A Europa, ao contrário, atolada em divisões e posições estéreis, nunca conseguiu voltar para o nível de atividade econômica precedente à crise, e as consequências foram o crescimento do desemprego e o fechamento das fronteiras. A contribuição migratória caiu drasticamente em um milhão de pessoas por ano entre 2000 e 2010 para menos de 400.000 entre 2010 e 2015.
O que fazer? O drama dos refugiados poderia ser a oportunidade para os europeus de sair das suas pequenas diatribes e do seu egocentrismo. Abrindo-se ao mundo, relançando a economia e os investimentos (casas, escolas, infraestrutura), rejeitando os riscos de deflação, a União Europeia poderia voltar sem problema algum para os níveis migratórios registrados antes da crise. A abertura manifestada pela Alemanha a esse respeito é uma notícia ótima para todos aqueles que se preocupavam com o mofamento e o envelhecimento da Europa.
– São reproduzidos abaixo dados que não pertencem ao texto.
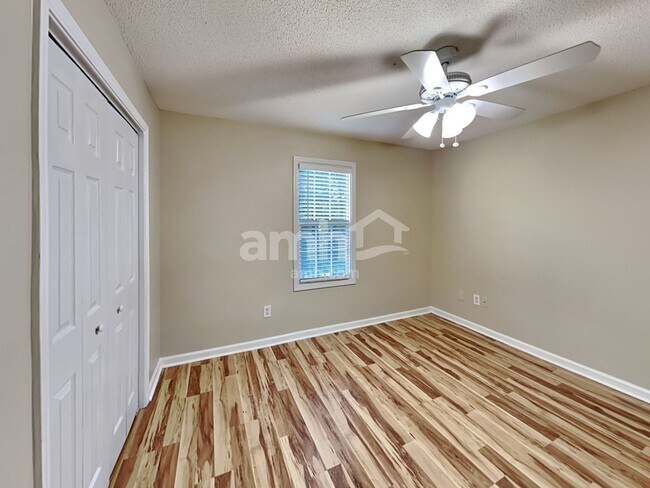 Building Photo - 179 Norton Dr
Certamente, alguém poderia defender que a Alemanha não tem escolha, levando-se em conta a sua baixíssima natalidade: de acordo com as últimas projeções demográficas da ONU, que também se baseiam em um fluxo migratório duas vezes mais elevado na Alemanha do que na França nas próximas décadas, a população alemã passaria dos 81 milhões atuais para 63 milhões daqui até o fim do século, enquanto a França, no mesmo período, passaria de 64 a 76 milhões.
Alguém poderia lembrar também que o nível de atividade econômica observado na Alemanha é em parte a consequência de um gigantesco superávit comercial, que por definição não poderia ser estendido para toda a Europa (porque não haveria ninguém no planeta capaz de absorver tal quantidade de exportações).
Mas esse nível de atividade também é explicada pela eficácia do modelo industrial alemão, que se fundamenta, particularmente, em um fortíssimo nível de envolvimento dos empregados e dos seus representantes (que têm a metade dos assentos nos conselhos de administração) e nos quais seria bom que nos inspirássemos.
Acima de tudo, a atitude de abertura ao mundo manifestado pela Alemanha envia uma forte mensagem aos ex-países do Leste Europeu membros da União Europeia, que não querem nem filhos nem migrantes, e cuja população somada, sempre de acordo com a ONU, deveria passar dos atuais 95 milhões para pouco mais de 55 milhões até o fim do século.
A França deve se alegrar com essa atitude da Alemanha e aproveitar a oportunidade para fazer com que triunfe na Europa uma visão aberta e positiva em relação aos refugiados, aos migrantes e ao mundo.